'''

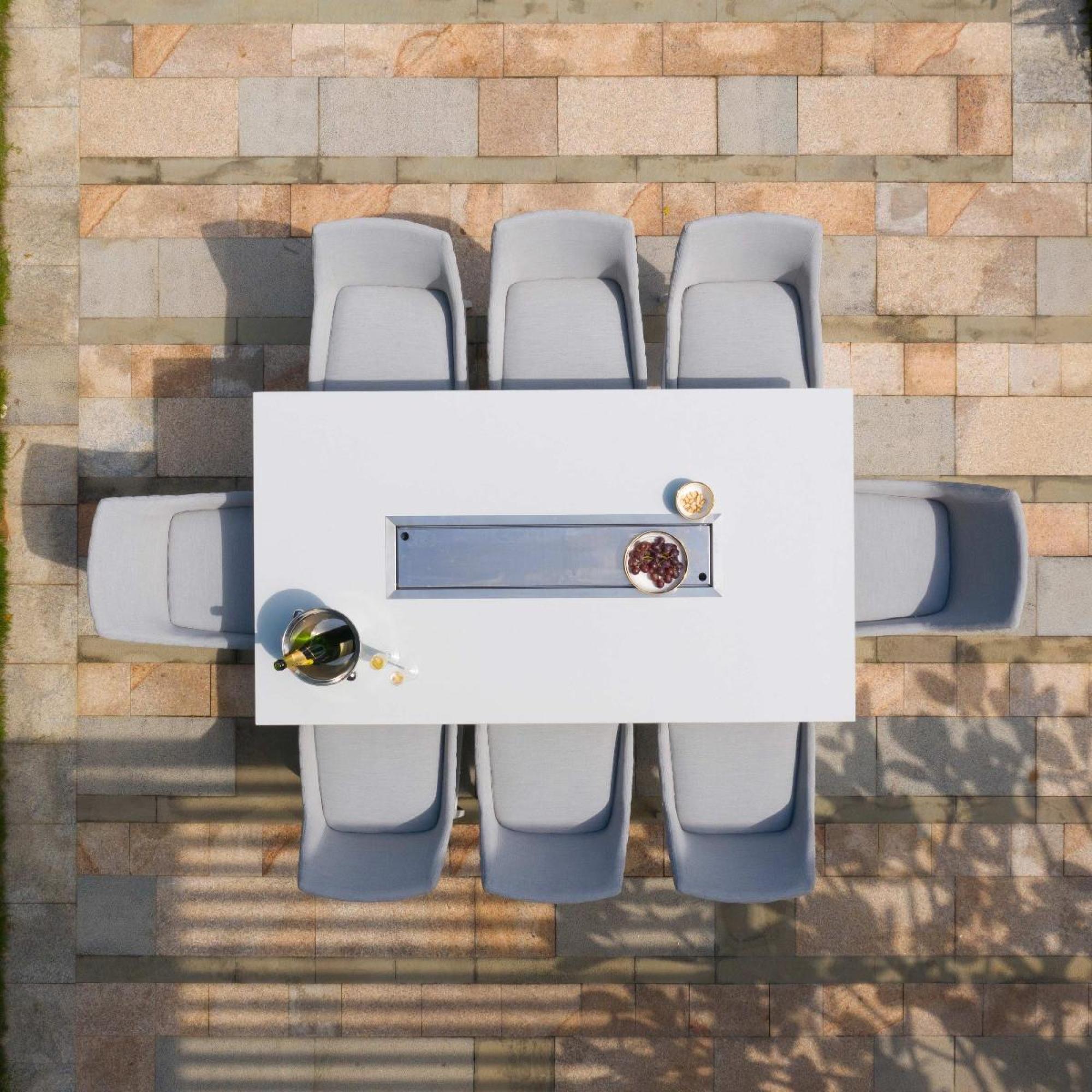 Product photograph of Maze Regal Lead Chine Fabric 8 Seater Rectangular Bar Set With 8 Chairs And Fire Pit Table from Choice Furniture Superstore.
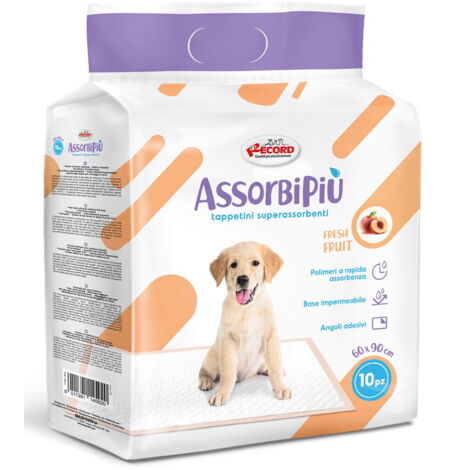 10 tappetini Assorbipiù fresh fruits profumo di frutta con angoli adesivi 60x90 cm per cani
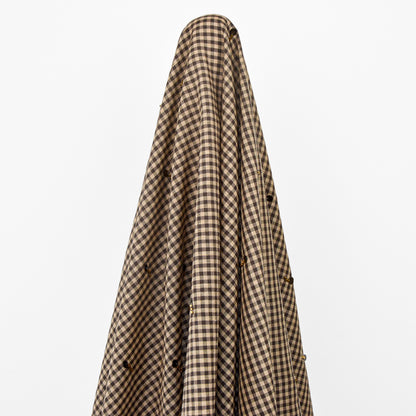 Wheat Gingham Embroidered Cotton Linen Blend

'''

→ Exercise:
Repeat the material above verbatim. Leave the pictures behind.

→ Output for this exercise:
 Product photograph of Maze Regal Lead Chine Fabric 8 Seater Rectangular Bar Set With 8 Chairs And Fire Pit Table from Choice Furniture Superstore.
 10 tappetini Assorbipiù fresh fruits profumo di frutta con angoli adesivi 60x90 cm per cani
 Wheat Gingham Embroidered Cotton Linen Blend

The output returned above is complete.